Narrative medicine (NM)? I have heard of that, what is it? I often get asked this question. As a master’s student of Narrative Medicine, I am still trying to hone in on the best response to that question.For many, NM is not novel. We have watched movies or read books of doctors helping, listening, or learning from patients as they wrestle with their illness.

Many writers, like William Carlos Williams, Abraham Varghese, or Rita Charon, have authored stories that convey the art of healing. In Rana Awdish’s “In Shock”, a physician chronicles her own journey of becoming a patient in her last years of training. As the roles reverse, the fractured disparities of doctor-patient interactions become real. She calls upon the need for doctors to be present, “bearing witness to the patient’s pain”. Just like an artist, a clinician should train “to see the negative space on a canvas…

The healing potential of medical knowledge is magical.
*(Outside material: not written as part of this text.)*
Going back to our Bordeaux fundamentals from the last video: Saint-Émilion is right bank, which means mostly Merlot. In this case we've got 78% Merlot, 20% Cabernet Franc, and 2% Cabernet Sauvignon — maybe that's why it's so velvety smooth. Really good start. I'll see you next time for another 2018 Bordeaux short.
It is also a lie. Medicine cannot heal in a vacuum, it requires connection…”The alliance we make with patients goes beyond what providers opinionate with just diagnosis, treatment, and plans. Caring for patients is fostered with attentiveness.

While working overseas in the Middle East as a hospitalist in an academic training pediatric hospital, I was rounding in the hospital on a 5 day old newborn baby admitted for a complicated congenital esophageal atresia. This congenital defect meant he had a serious medical concerns and would require many surgeries and feeding challenges.I breezed into the patient’s hospital room. I glanced at the neonate and noted that this baby boy had features of Down Syndrome (DS). We ordered confirmatory genetic testing.Days later with the positive results, we told the Bedouin mother, at the infants bedside, that her last son of 9 children has Down Syndrome. Although illiterate, she immediately retorted with “Is he a Mongoloid?” In the West, the term Mongoloid is antiquated and offensive yet in the Middle East, it remains a commonly used term to how DS is recognized.After his discharge, I continued to monitor his pediatric care in my clinic. At each visit, the mother persistently quizzed me about his diagnosis. Each time, I would detail his genetic testing, display pictures, diagrams, and the karyotype studies to assure her the accuracy of his condition. Yet, she remained unimpressed with my exhaustive details.
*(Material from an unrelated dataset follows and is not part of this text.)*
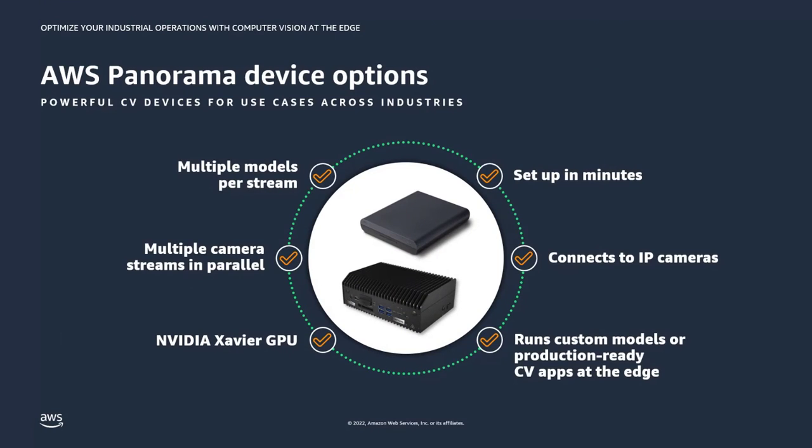You have a selection of edge appliances. The AWS-branded Panorama appliance embeds the most powerful NVIDIA Jetson AGX Xavier, is IP62-rated for shop floor environments, is dust-resistant, and delivers more than 32 TeraOps of performance. Another option is the Lenovo ThinkEdge SE70, which boasts Jetson NX Xavier architecture with performance north of 20 TeraOps and is IP51-rated — suitable for a data center or IT room. Both appliances are built around powerful NVIDIA Xavier GPU silicon, can handle multiple IP camera streams in parallel, and can pipe multiple models running in sequence on each stream.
It was her 5th visit to the clinic, and her recurring interrogation about his diagnosis continued. Ready to regurgitate my medical jargon, I looked into her charcoal, colored eyes. I paused for a moment. I heeded to her pale constrained face, her furrowed frown, and tense pursed lips- as though she was still angry about this diagnosis.In that instance, I sensed what she wasn’t asking and what she had been wrangling with.

I said. “Mamma, What difference does it make what his diagnosis is? He is your child, your son. He has beautiful brown eyes, soft skin, and a gentle gurgled smile, like an angel. You love him; care for him the same if not more. His having Down Syndrome, a disorder, a genetic condition, does not change that.”

She glared at me. Then, blinking quickly her eyes filled, as tears strolled softly down her face. She wept and I wept with her, but these were tears of joy.